WHDC has used its funding to support a broader network of service organizations that are improving the lives of West Harlem residents. Since its inception, 159 nonprofits have received funding “to serve West Harlem/Manhattan Community District 9 residents with services in education, housing, workforce development, arts & culture, and more. At least 40,000 participants have been impacted.” Those are the tangible benefits of a large benefactor. But with little funding diversity, the WHDC and the organizations it funds now face the need to figure out how the work will continue after its 16-year pipeline runs dry.

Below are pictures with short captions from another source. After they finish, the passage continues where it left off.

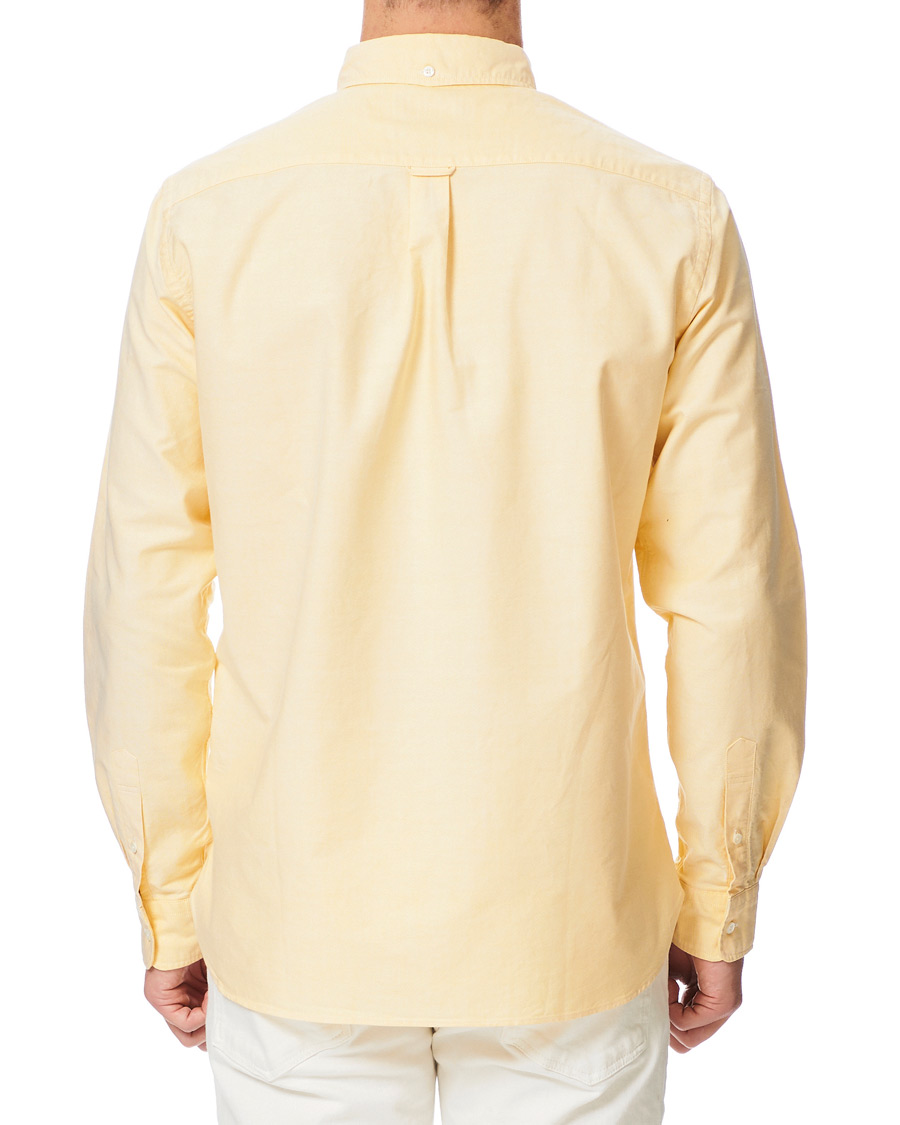 Hombres | Camisas | BEAMS PLUS | Oxford Button Down Shirt Yellow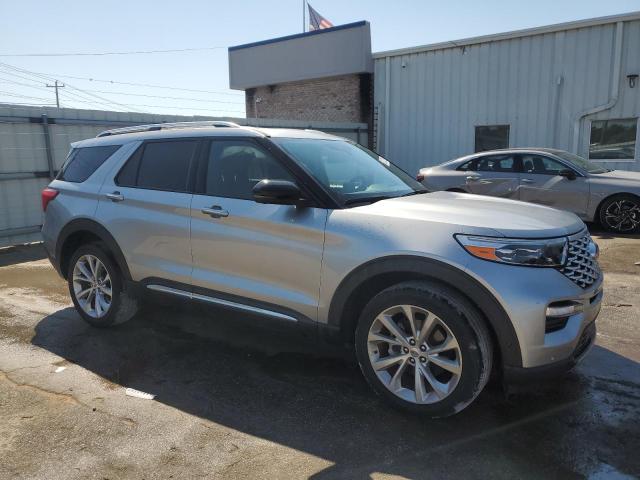  FORD EXPLORER 2021 Серебристый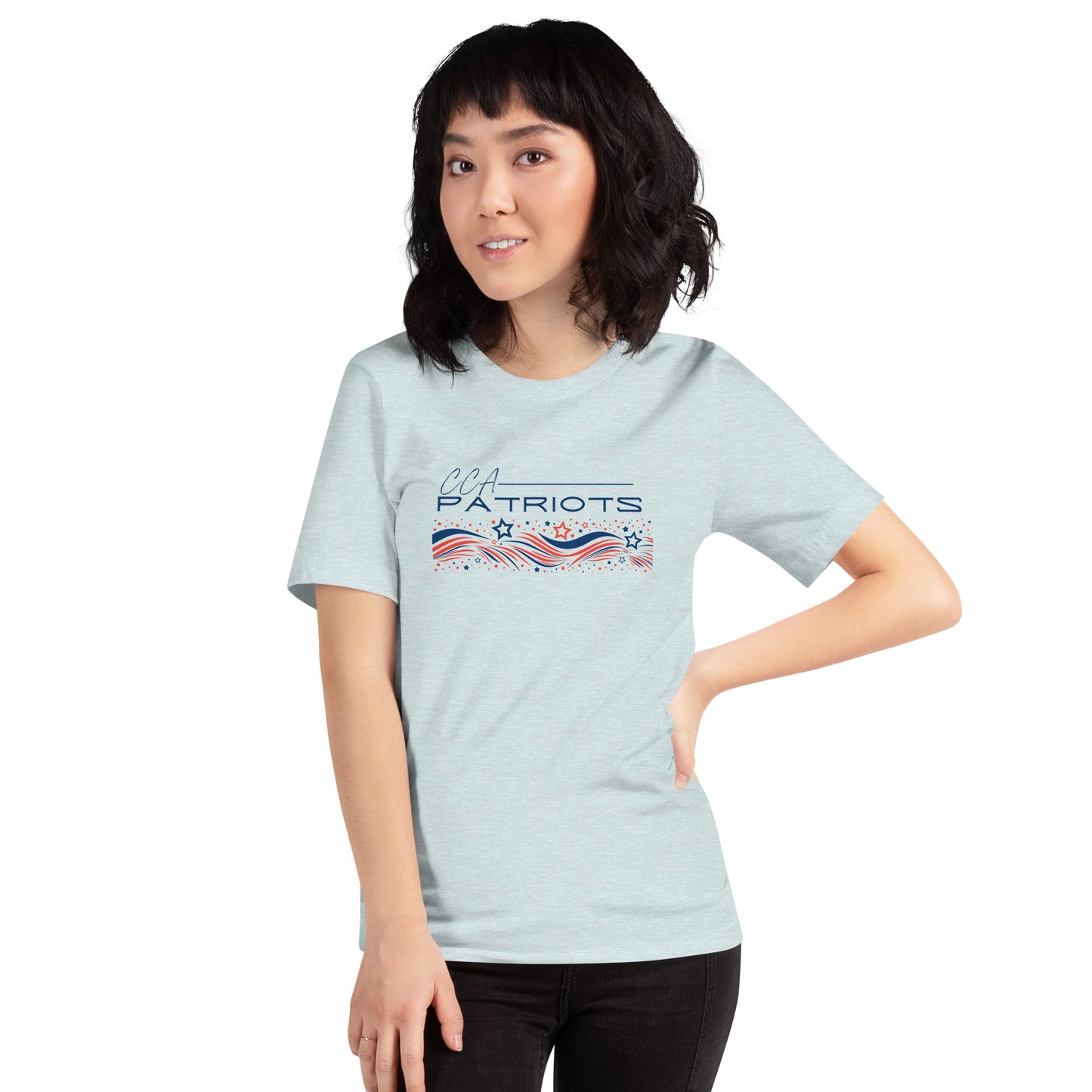 CCA Patriots Bella Canvas Unisex School T-Shirt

WHDC executive director Kofi Boateng described this reality to the Columbia Spectator, CU’s student newspaper. The university funding stream was never large enough to allow the WHDC to create a significant reserve that could turn it into a traditional foundation after Columbia stepped away.
Columbia never said in the CBA that they were creating a foundation like the Ford Foundation, where they were going to invest a corpus and use the income to do the work so that there would always be money….Instead, it has a built-in end date. If the WHDC were to limit itself to the plan set out in the CBA, money would simply flow into it, flow out of it, and dry up in 2024.
Boateng recognizes that one possibility for WHDC is to celebrate its successes and shut its doors, even if the issues of the struggling West Harlem community will remain. Boateng saw the potential of just recognizing that his organization had done its job, “distributed the money, nice and wide…quieted the community down.”
Columbia has had the peace to build the [Manhattanville] campus without people protesting every day…and the nonprofits have done what they can do with what they’ve got. So, hooray! In 2024, let’s close the door, have a nice party.
Yet the underlying problems of affordable housing, education, crime, and employment remain. WHDC sees this as a reason to continue and has established two long-term strategies it sees as leading to a sustainable future for itself and the organizations it funds.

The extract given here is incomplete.